Next-gen sequencing data analyses
We use hadoop to parallelize alignment runs. Our parallelization strategy splits a genome as multiple reference sequences (i.e., one reference for each chromosome or un-mappable contig), maps all the reads to each reference, then combines results to remove reads that match too many references. This strategy is used as some tools (e.g., MAQ) have been optimized to work best with 7-8 million reads and are less efficient as the number of reads is decreased.
Processing of SOLID data
SOLID reads are measured and recorded in color-space, a representation that helps differentiate single base changes from measurement errors (ref?). Few tools map SOLID reads. Most are provided from the SOLID software community web site. Most community software tools are provided as open-source. They take some getting used to as their command line interfaces are non standard and non-intuitive (i.e., what about an option to specify you want to process all the sequences in the input file, not just the first?). Schrimp is another tool which maps color-space reads and could be more usable (?).
Xutao developed a tool to convert Mapread output to eland format Mapreads_output_to_Eland.
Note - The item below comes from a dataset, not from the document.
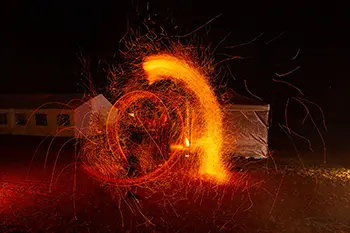 Pokaz tańca z ogniem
Processing of Illumina/Solexa
Various tools are available to map short reads. MAQ, Eland (speed), SeqMap from fastq format.
Processing of Helicos
MAQ does not support fasta format. Quality scores must be provided to convert fasta to fastq. Alternative to MAQ for helicos read mapping (eland should work).
Processing of 454 reads
Could use megablast or BLAT to align to the reference genome. BLAT should be preferred for speed when the material sequenced is expected to be very close to the reference genome available (i.e., human to human), while megablast should be preferred when the material sequenced may differ from the reference genome through a number of polymorphisms (i.e., a strain of mouse against a reference from another strain).